Pochi sentirono quell’ordine categorico, in mezzo al vociare incessante di Diagon Alley, la meta preferita di maghi e streghe per l’acquisto di oggetti più o meno magici e stravaganti; ma invece furono in molti a vedere un corvo alquanto innervosito scagliarsi contro il casto chignon di una strega non esattamente giovane: il povero volatile rimase imprigionato con il becco tra i capelli della donna, sbattendo confusamente le ali e attirando l’attenzione dei passanti, anche di quelli meno curiosi.
“Morty! Stai calmo!”
L’ordine fu ripetuto una seconda volta da una ragazzina di undici anni, con i lunghi capelli rossi trattenuti in un’ordinatissima treccia e gli occhi scuri corrucciati in un’espressione severa. Non era molto alta, e indossava un maglione di lana scuro e un paio di pantaloni, in parte coperti da un foulard bianco, legato a ‘mo di cintura intorno ai fianchi.
Quando la ragazza corse incontro all’anziana donna, i suoi passi svelti produssero un delicato tintinnio, provocato dalla cavigliera di campanellini che da mesi portava al piede sinistro.

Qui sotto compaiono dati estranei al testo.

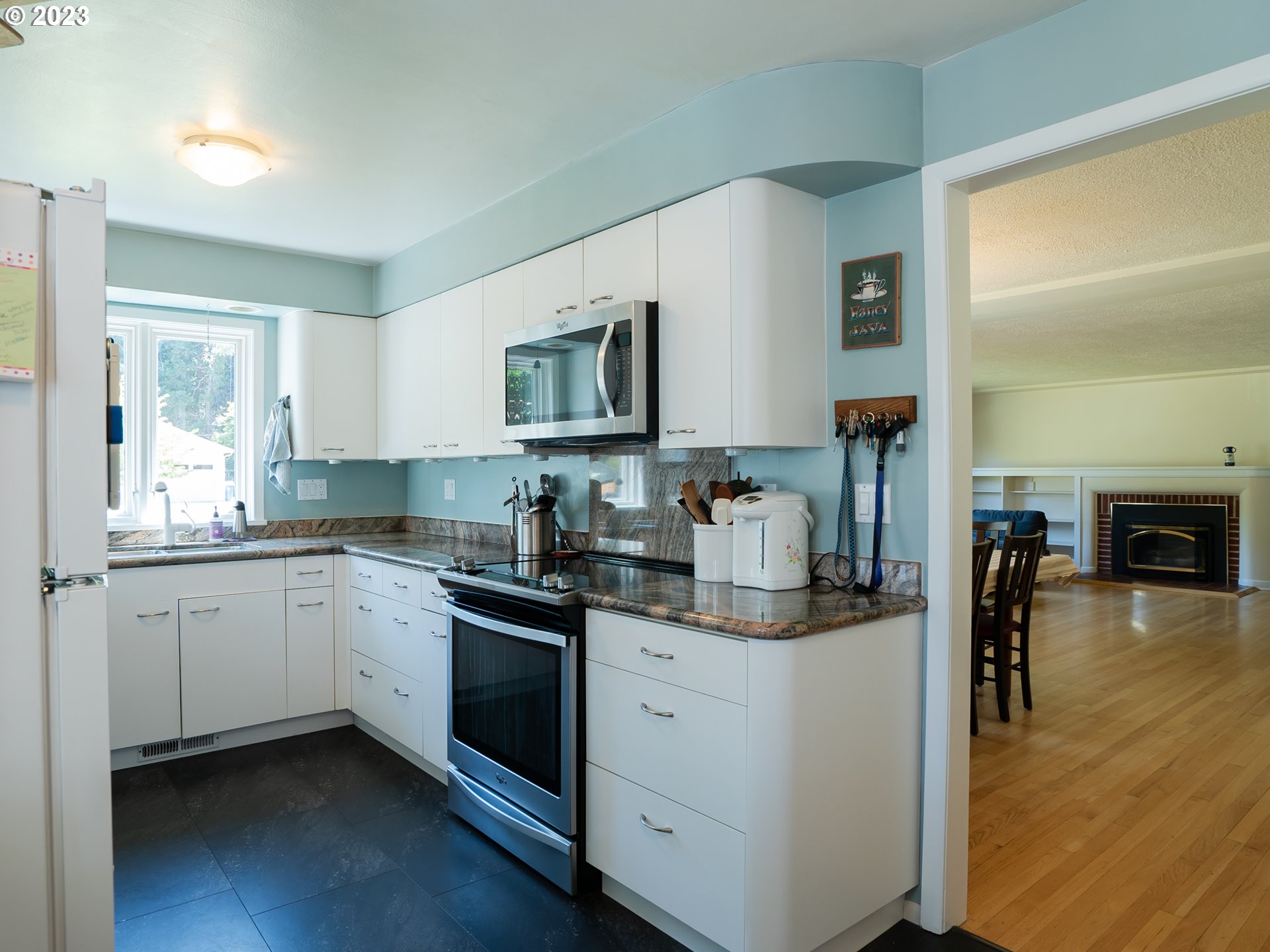 488 Sunshine Acres Drive Eugene, OR 97401 - Photo 11 of 40 a kitchen with sink cabinets and wooden floor
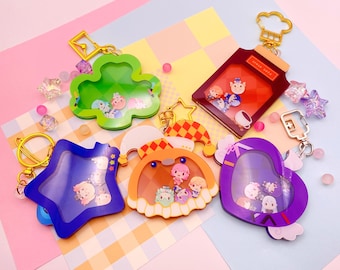 May include: A collection of colorful keychains in various shapes, including a clover, star, jar, heart, and a pumpkin-like design. Each keychain has a clear window filled with small character figures. Gold-colored key rings and charms are attached.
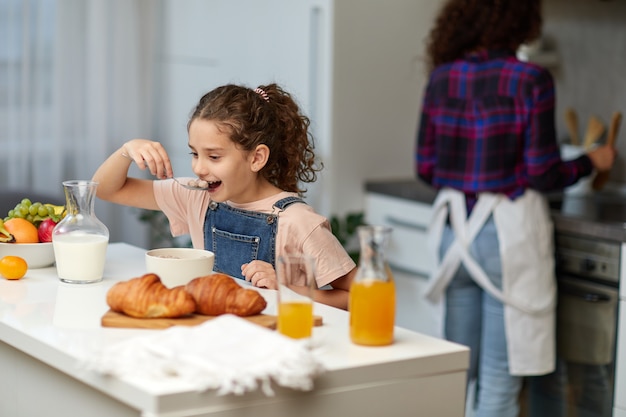 The happy little girl eating cereals healthy breakfast together with mother in the kitchen.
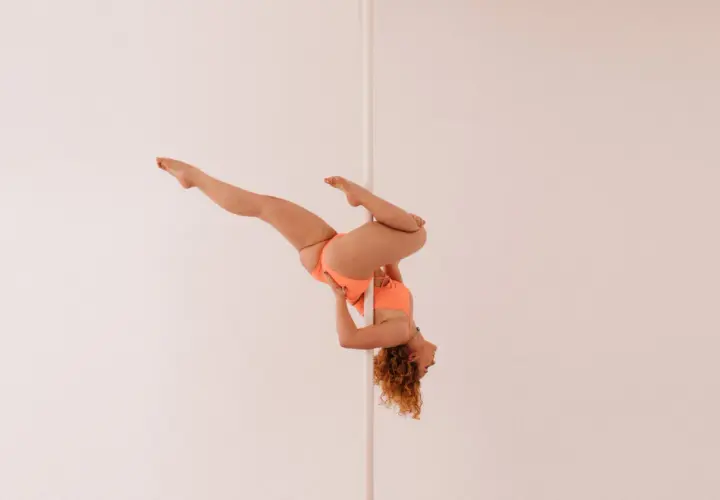 Kobieta w pomarańczowym stroju wykonuje skomplikowaną figurę na pionowym słupku, przypominającą flagę pole dance.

“Mi scusi! Mi scusi tanto…” mormorò la ragazzina alla signora, mentre cercava con mani non molto esperte di liberare il corvo dallo chignon.

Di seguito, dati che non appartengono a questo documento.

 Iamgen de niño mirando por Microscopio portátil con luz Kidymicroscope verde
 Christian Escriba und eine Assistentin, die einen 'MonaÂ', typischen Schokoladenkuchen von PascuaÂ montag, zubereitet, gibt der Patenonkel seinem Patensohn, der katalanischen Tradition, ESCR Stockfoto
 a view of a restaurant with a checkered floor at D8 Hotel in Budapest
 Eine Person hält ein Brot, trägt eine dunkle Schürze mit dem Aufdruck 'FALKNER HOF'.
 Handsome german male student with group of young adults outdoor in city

“Levami subito questo affare di dosso!” strillò la strega come un’ossessa, prendendo l’animale a sberle.
La ragazza, sbuffando, decise di usare le maniere forti: afferrò il corvo per la parte immediatamente sotto le ali, e tirò con tutte le sue forze: la vecchia signora urlò, strepitò e imprecò, ma alla fine l’animale ritornò tra le mani della ragazzina.
“Costance?! Costance, dove sei?”
“Ecco, visto?” esclamò la ragazzina, rivolta al corvo “per colpa tua abbiamo perso papà! PAPA’! PAPA’! SONO QUI!”
La strega vittima del corvo la guardò, disgustata: i giovani d’oggi! Prima ti assaliscono, e poi non si scusano nemmeno!
“Costance!” urlò un uomo che emergeva dalla folla, in modo da avvicinarsi alla ragazza che, a quanto pareva, si chiamava Costance. Costance Baudelaire, per la precisione, e quell’ammasso di piume, una vera e propria fonte di guai, non era altro che Mortimer, il corvo che il padre le aveva regalato in occasione del suo primo anno a Hogwarts.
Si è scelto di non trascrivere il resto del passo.